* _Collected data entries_
_ _ _ _ _ _ _

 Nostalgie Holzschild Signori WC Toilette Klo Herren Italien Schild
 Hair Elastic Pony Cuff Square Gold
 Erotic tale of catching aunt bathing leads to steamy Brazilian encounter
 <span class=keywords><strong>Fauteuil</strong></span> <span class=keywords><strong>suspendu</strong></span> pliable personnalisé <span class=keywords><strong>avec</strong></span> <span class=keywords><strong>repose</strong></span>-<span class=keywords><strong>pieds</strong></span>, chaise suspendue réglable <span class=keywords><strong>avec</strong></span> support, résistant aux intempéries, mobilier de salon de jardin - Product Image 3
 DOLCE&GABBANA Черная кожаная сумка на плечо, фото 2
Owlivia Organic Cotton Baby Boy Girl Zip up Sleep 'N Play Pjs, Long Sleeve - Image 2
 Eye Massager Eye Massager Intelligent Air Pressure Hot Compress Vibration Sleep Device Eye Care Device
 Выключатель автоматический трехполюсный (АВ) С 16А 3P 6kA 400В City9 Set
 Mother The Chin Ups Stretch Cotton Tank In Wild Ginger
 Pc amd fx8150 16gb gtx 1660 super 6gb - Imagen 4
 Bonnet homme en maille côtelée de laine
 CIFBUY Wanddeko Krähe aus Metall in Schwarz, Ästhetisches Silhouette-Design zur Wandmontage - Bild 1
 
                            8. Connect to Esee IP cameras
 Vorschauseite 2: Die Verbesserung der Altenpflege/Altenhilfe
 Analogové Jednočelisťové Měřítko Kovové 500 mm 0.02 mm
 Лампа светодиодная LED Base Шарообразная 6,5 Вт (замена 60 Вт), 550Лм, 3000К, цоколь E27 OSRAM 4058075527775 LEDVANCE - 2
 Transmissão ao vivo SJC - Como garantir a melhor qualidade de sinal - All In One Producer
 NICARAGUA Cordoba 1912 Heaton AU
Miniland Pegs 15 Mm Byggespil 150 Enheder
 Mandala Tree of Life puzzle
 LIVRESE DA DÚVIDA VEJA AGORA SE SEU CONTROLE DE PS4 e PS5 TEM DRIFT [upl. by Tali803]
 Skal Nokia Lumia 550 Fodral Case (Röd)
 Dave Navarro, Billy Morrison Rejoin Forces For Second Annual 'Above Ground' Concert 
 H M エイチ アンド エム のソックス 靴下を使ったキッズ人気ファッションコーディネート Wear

_ _ _ _ _ _ _

* _Assigned task_
Print nothing but the lines from the line with "Analogové Jednočelisťové Měřítko" to the last line of the records above. Both of those lines count.

* _Response_
 Analogové Jednočelisťové Měřítko Kovové 500 mm 0.02 mm
 Лампа светодиодная LED Base Шарообразная 6,5 Вт (замена 60 Вт), 550Лм, 3000К, цоколь E27 OSRAM 4058075527775 LEDVANCE - 2
 Transmissão ao vivo SJC - Como garantir a melhor qualidade de sinal - All In One Producer
 NICARAGUA Cordoba 1912 Heaton AU
Miniland Pegs 15 Mm Byggespil 150 Enheder
 Mandala Tree of Life puzzle
 LIVRESE DA DÚVIDA VEJA AGORA SE SEU CONTROLE DE PS4 e PS5 TEM DRIFT [upl. by Tali803]
 Skal Nokia Lumia 550 Fodral Case (Röd)
 Dave Navarro, Billy Morrison Rejoin Forces For Second Annual 'Above Ground' Concert 
 H M エイチ アンド エム のソックス 靴下を使ったキッズ人気ファッションコーディネート Wear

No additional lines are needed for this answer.